-- GIVEN ENTRIES follows --

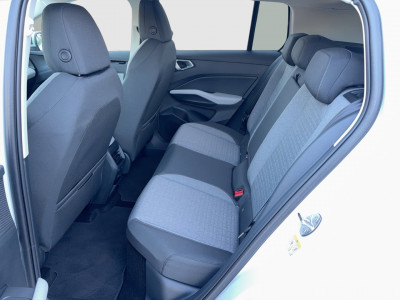 Skoda Epiq Gebrauchtwagen Skoda Epiq Gebrauchtwagen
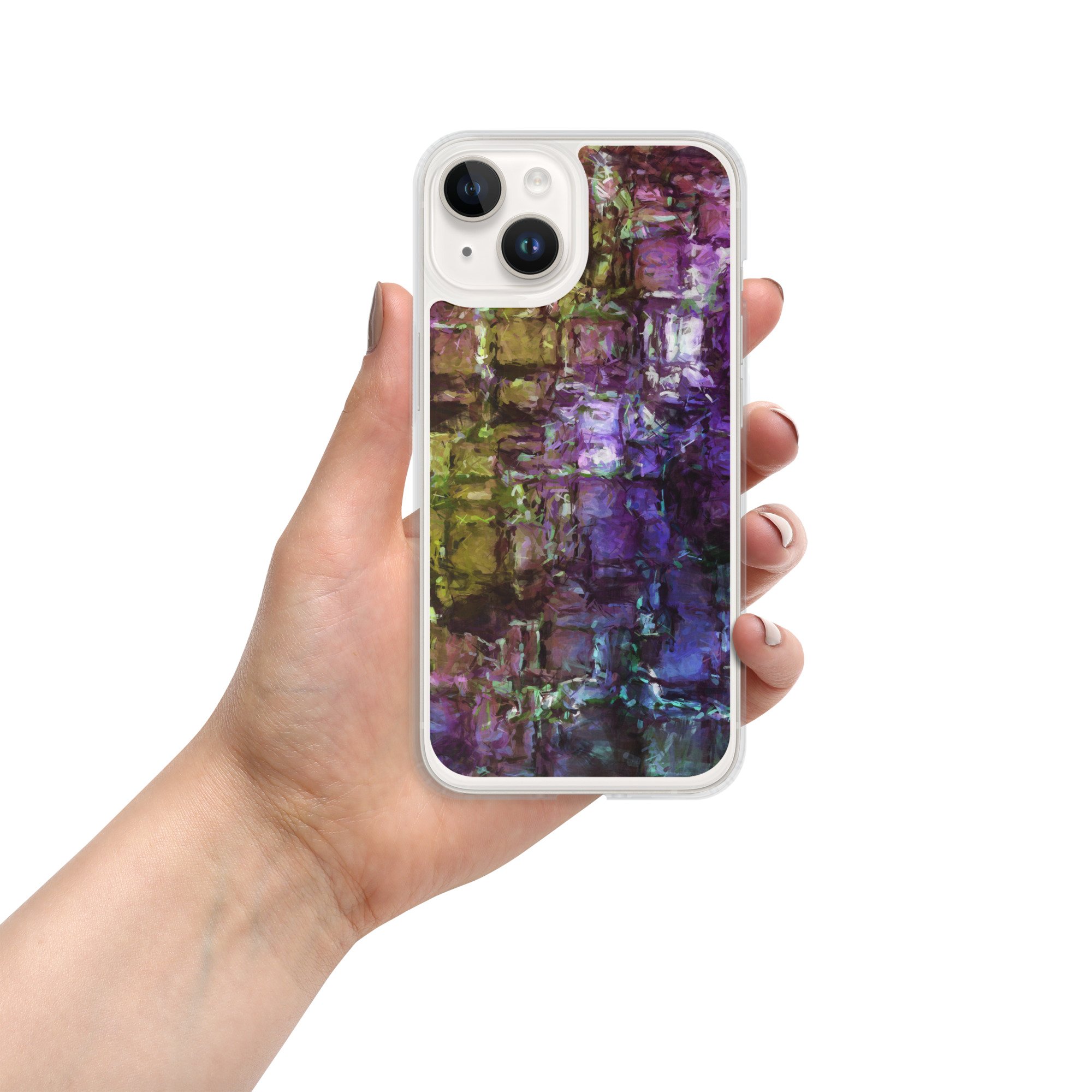 clear-case-for-iphone-iphone-14-case-on-phone-681ce32ae4284.jpg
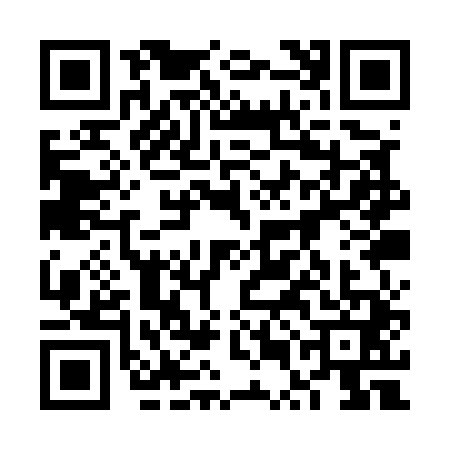 QR code for 6UAU418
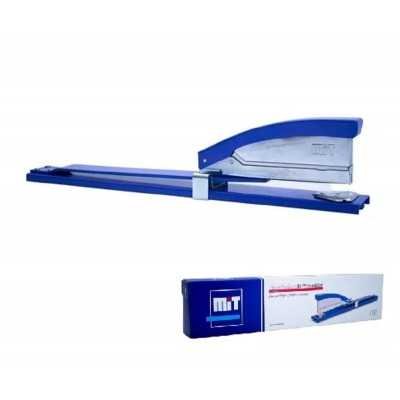Abrochadora de escritorio larga MIT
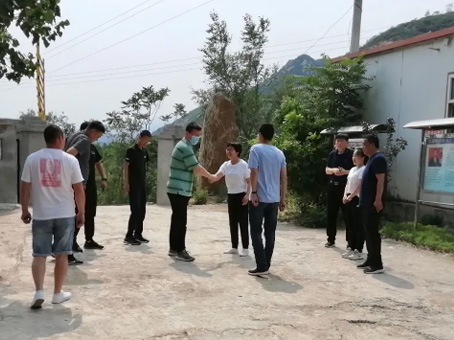 20210618104454 1066vip威尼斯(中国)有限公司-官方网站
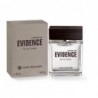 Comme Une Evidence Homme Eau de Toilette - 50ml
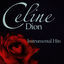 Cover Celine Dion - Instrumental Hits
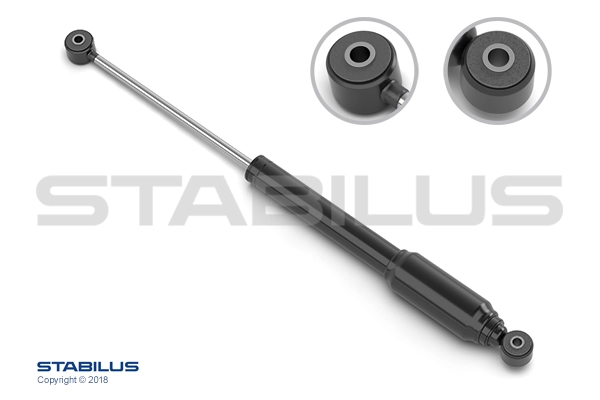 STABILUS 054982
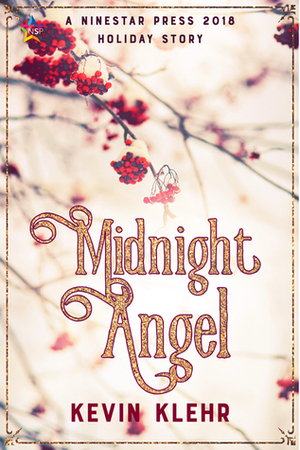 Midnight Angel by Kevin Klehr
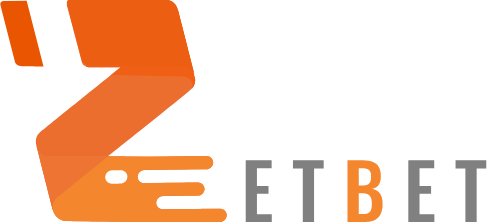 ZetBet Casino
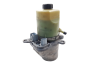 Roolivõimendi Pump Ford Focus 2 C-Max 4M513K514BF 104-0085-011-094 2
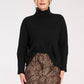  Turtleneck model 218178 Figl 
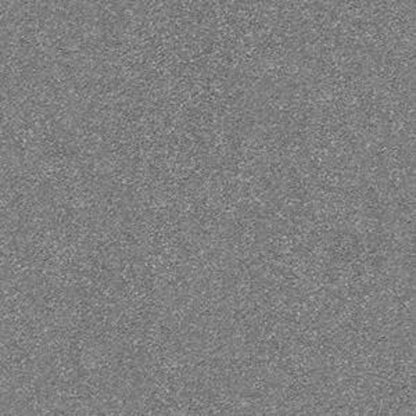 MONTAGE I in Cosmic Quest Carpet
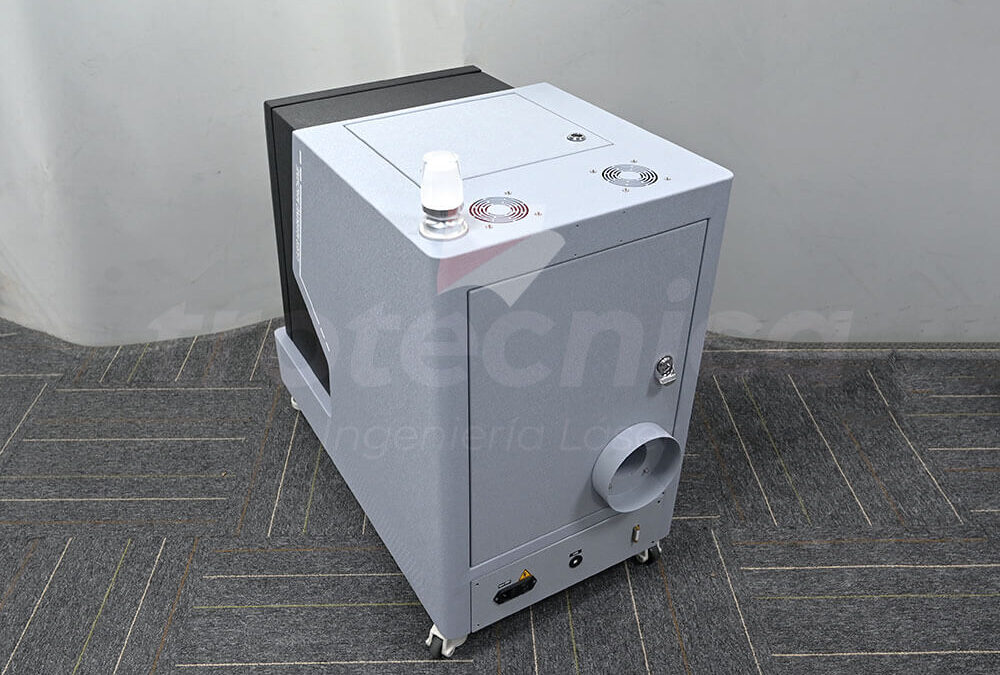 equipo-laser-galvo-fibra-trotecnica-tipo-5-standard (4)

-- GIVEN ENTRIES concluded --

PROBLEM STATEMENT: Return the lines from the one containing "ZetBet Casino" through the last line of the records, both included, exactly as written and with no pictures.

WRITTEN REPLY:
 ZetBet Casino
 Roolivõimendi Pump Ford Focus 2 C-Max 4M513K514BF 104-0085-011-094 2
  Turtleneck model 218178 Figl 
 MONTAGE I in Cosmic Quest Carpet
 equipo-laser-galvo-fibra-trotecnica-tipo-5-standard (4)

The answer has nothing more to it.